When should you **not** connect the dots? When your data represents discrete events or when measurements are too sparse to imply continuity.

In [None]:
#| fig-cap: 'Line plot vs scatter plot: connecting points implies continuity'
#| code-fold: true
# Generate sparse discrete event data
np.random.seed(123)
event_dates = pd.to_datetime(['2023-01-15', '2023-03-10', '2023-05-22',
                               '2023-07-08', '2023-09-30', '2023-11-15'])
event_values = np.random.randint(20, 80, len(event_dates))

fig, axes = plt.subplots(1, 2, figsize=(14, 5))

# Line plot (implies continuity - misleading for discrete events)
axes[0].plot(event_dates, event_values, marker='o', linewidth=2, markersize=8)
axes[0].set_xlabel('Date')
axes[0].set_ylabel('Event Count')
axes[0].set_title('Line Plot: Implies Values Between Events (Misleading)')
axes[0].grid(True, alpha=0.3)

# Scatter plot (appropriate for discrete events)
axes[1].scatter(event_dates, event_values, s=100, alpha=0.7)
axes[1].set_xlabel('Date')
axes[1].set_ylabel('Event Count')
axes[1].set_title('Scatter Plot: Shows Only Observed Events (Honest)')
axes[1].grid(True, alpha=0.3)

for ax in axes:
    sns.despine(ax=ax)

plt.tight_layout()

For discrete events, stick with scatter plots or bar charts.

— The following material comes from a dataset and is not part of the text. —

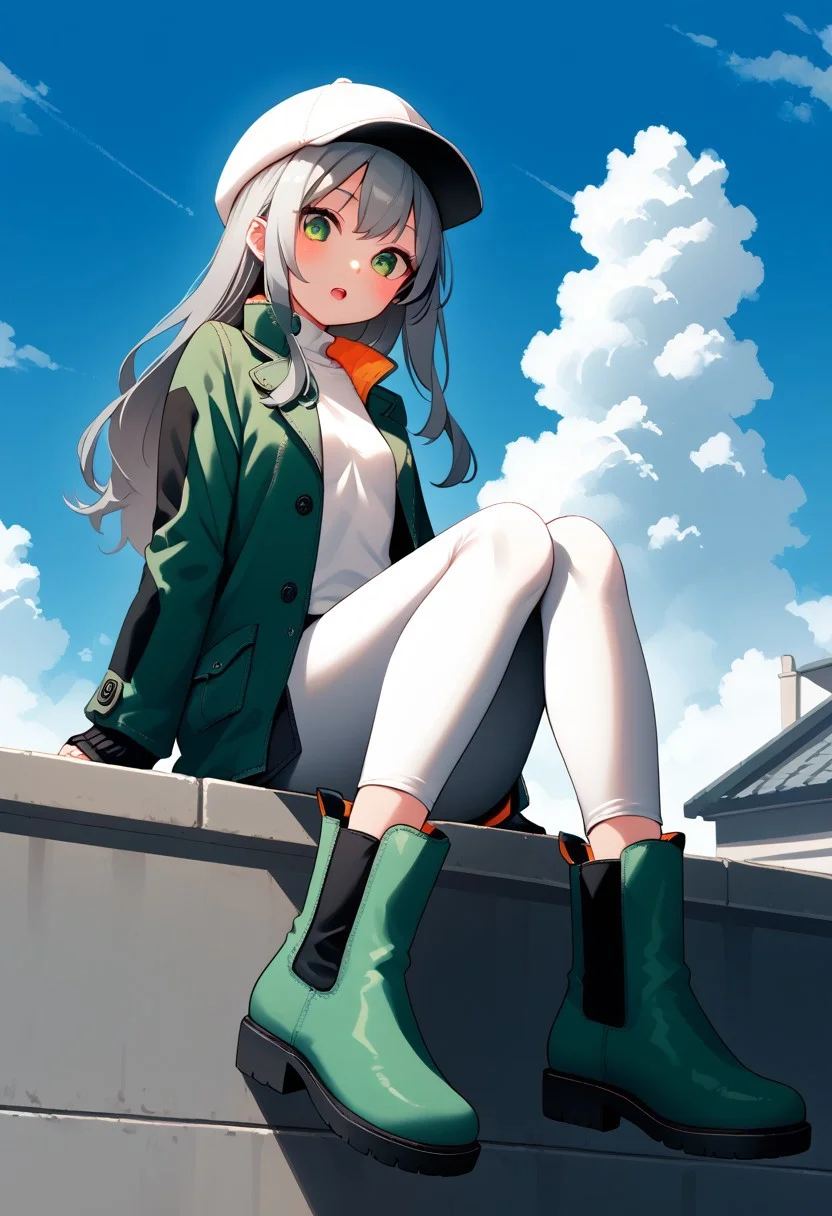 score_9, score_8_up, score_7_up, score_6_up, source_anime, lineart, from below, boots focus,
1girl, ankle boots, blush, green eyes, green jacket, grey hair, hat, jacket, leggings, long hair, long sleeves, open clothes, open jacket, open mouth, sitting, solo, white hat,
b3llh3ng3, outdoor, sky, roof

Don't imply continuity where none exists.

# Comparing Multiple Time Series

Often you need to compare several time series. The natural approach is to overlay them on the same plot.

In [None]:
#| fig-cap: Multiple time series overlaid with different colors
#| code-fold: true
# Generate three related time series
np.random.seed(42)
dates = pd.date_range('2023-01-01', periods=200, freq='D')

series_a = 100 + np.linspace(0, 30, 200) + np.random.normal(0, 5, 200)
series_b = 95 + np.linspace(0, 20, 200) + np.random.normal(0, 4, 200)
series_c = 110 + np.linspace(0, 10, 200) + np.random.normal(0, 6, 200)

df_multi = pd.DataFrame({
    'date': dates,
    'Product A': series_a,
    'Product B': series_b,
    'Product C': series_c
})

# Overlay plot
fig, ax = plt.subplots(figsize=(12, 6))
for column in ['Product A', 'Product B', 'Product C']:
    ax.plot(df_multi['date'], df_multi[column], linewidth=2, label=column, alpha=0.8)

ax.set_xlabel('Date')
ax.set_ylabel('Sales')
ax.set_title('Multiple Time Series: Overlaid Comparison')
ax.legend(loc='upper left')
ax.grid(True, alpha=0.3)
sns.despine()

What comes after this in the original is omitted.